Sep 1, 2016

Even If God Were Not To Exist . . .

God's Rights Disdained
It is a boast of liberal theorists, with antecedents back to Grotius and before him to the School of Salamanca, that their accounts of law and right would be true even assuming God does not exist.

I think liberalism may indeed be the best possible account assuming God does not exist. The problem comes if we ask the opposite question:
Is liberalism the best possible account of law and right assuming God does exist? 
Given that liberalism, at least in all the forms we know it today, is absolutely committed to recognizing no public right of God's and no public duty of any individual or corporate person to God, I think the answer is clearly: no.

Liberalism's essential denial of God's rights and the public's duties to God is a problem because if God exists, on many (any?) reasonable theological views and the overwhelming majority historically (see, e.g., Moses and all the prophets of Israel) then individual and corporate persons owe some public duty to Him. Even granting that some theologies could reasonably affirm the existence of God and still deny any divine right or duty relating to the public, e.g., deism and perhaps Baptist theology, liberalism would be enforcing a particular theology over others, establishing one theological conviction over others.

If we aim really to be pluralistic and not to force men to live under a government based on certain religious views, shouldn't our governing philosophy be ready to prove itself true under the presuppositions not only of atheists but also of theists -- not only of skeptics but also Christians?

But liberalism can't because liberalism essentially involves a denial of public rights and duties respecting God, which inevitably constitutes a theological position -- e.g., the deistic or Baptist position -- or a tendentious assumption that God does not exist -- i.e. an establishment of atheism.

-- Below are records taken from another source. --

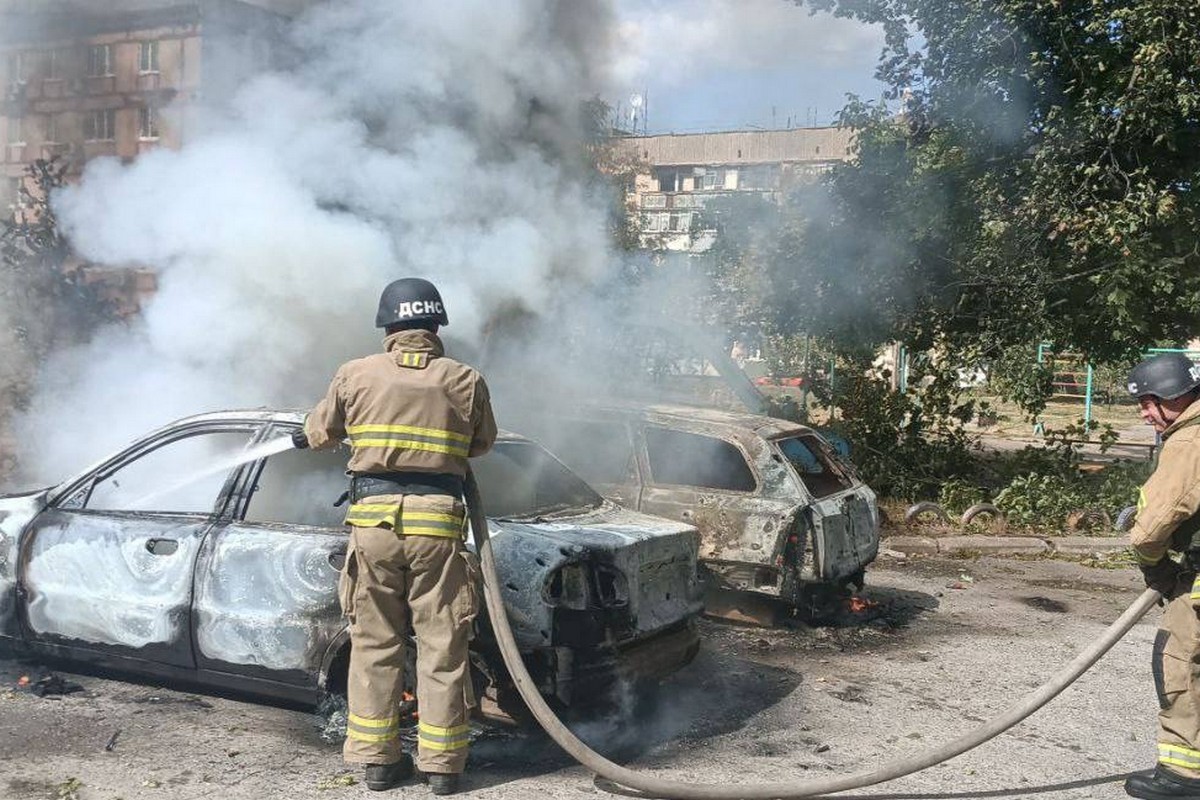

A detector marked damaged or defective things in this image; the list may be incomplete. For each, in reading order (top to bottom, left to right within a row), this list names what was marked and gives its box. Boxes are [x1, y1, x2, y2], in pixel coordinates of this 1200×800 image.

burned sedan [0, 412, 700, 705]
burned station wagon [0, 412, 700, 705]
charred car body [0, 412, 700, 705]
burned station wagon [520, 402, 878, 609]
burned sedan [525, 402, 883, 609]
charred car body [525, 407, 883, 606]
burnt tire [902, 501, 950, 525]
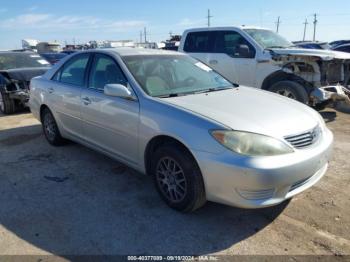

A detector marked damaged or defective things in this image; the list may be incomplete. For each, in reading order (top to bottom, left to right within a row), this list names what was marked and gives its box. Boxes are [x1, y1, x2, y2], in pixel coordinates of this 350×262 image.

damaged white car [179, 26, 348, 108]
crumpled car hood [163, 86, 322, 139]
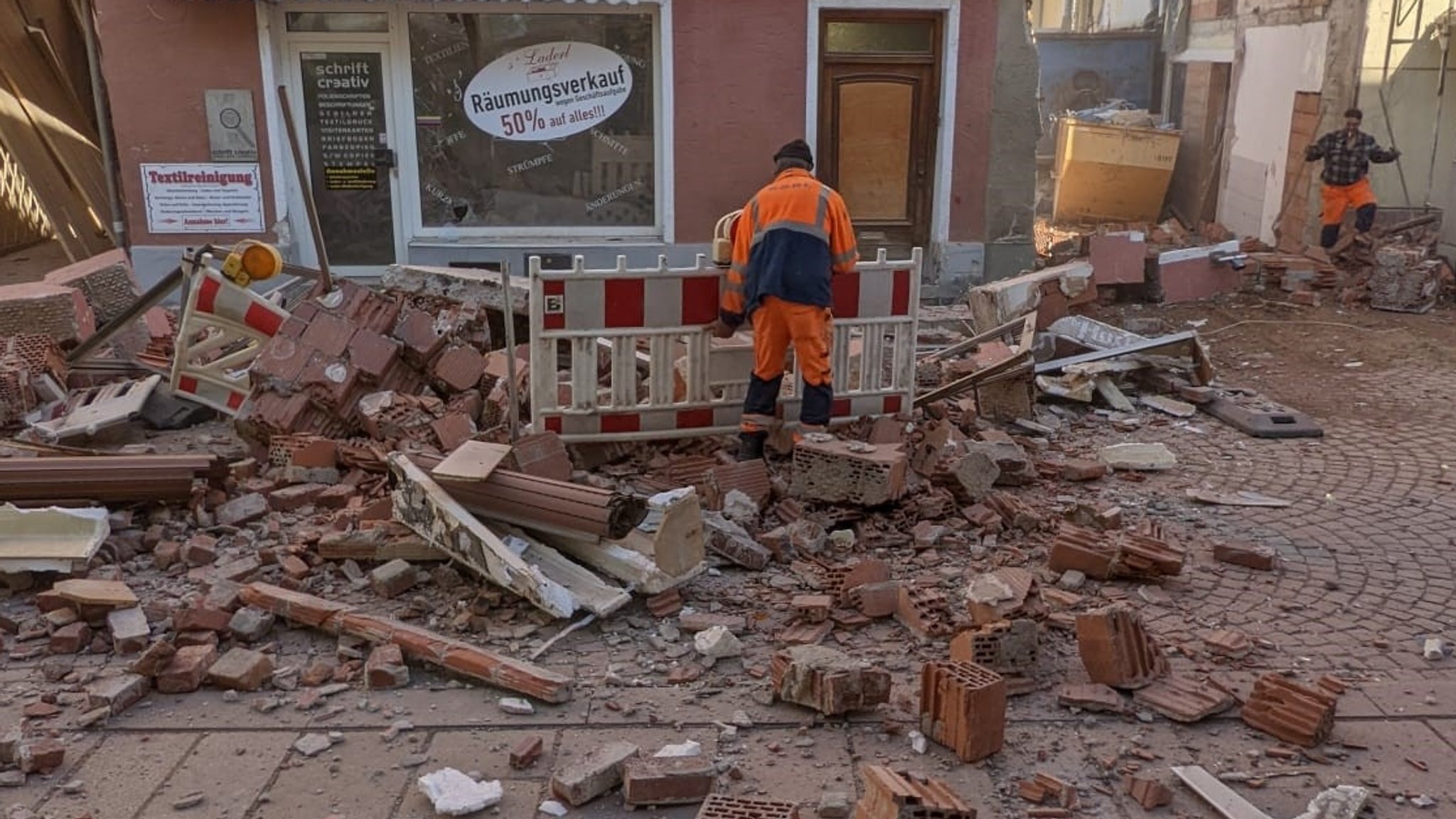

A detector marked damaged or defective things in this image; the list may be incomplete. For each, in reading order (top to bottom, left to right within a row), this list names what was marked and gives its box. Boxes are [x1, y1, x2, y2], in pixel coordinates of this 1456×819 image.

damaged building facade [94, 0, 1035, 301]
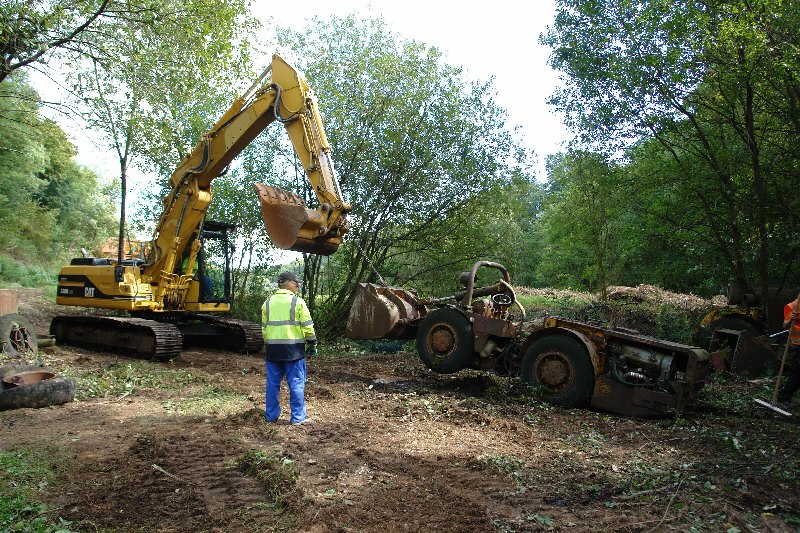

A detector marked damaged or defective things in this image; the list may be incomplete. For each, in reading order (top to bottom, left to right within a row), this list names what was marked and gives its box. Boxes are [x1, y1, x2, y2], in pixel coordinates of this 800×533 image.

rusted vehicle [346, 260, 708, 416]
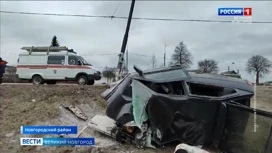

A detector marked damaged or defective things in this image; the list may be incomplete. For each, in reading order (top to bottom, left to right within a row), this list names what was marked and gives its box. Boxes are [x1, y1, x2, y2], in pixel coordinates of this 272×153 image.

overturned vehicle [94, 65, 272, 153]
wrecked car [97, 65, 272, 153]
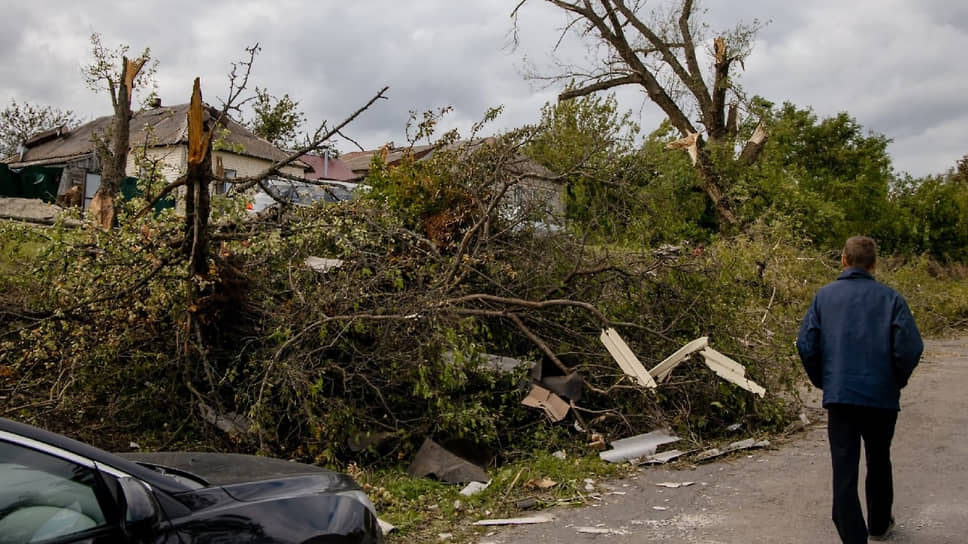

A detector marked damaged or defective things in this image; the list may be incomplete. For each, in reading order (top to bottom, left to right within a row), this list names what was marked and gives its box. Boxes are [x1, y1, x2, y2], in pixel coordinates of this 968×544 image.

Established deism or atheism is the best understanding of what we have today.


  1. How did a majority Christian democracy come to accept and adopt (((liberalism)))?

  2. This is what has been bothering me for years, this is the non sequitur of atheists, and in particular those who believe in and/or impose a "secular" culture. A "secular" (atheistic) viewpoint is by no means neutral, but is itself a theological/philosophical position. For something to be "secular" means that the thing is not subject to religious/theological rights or obligations. This is an anti-theology and a particular philosophical position; it is not a meta-theology or a meta-philosophy like many presume for some odd reason. If secularism is imposed on others (which is unfortunately the established trend in the U.S. among other nations), such is no better than what secularists claim to remedy--i.e. the imposing of religious values (in other words, a theological position) on others.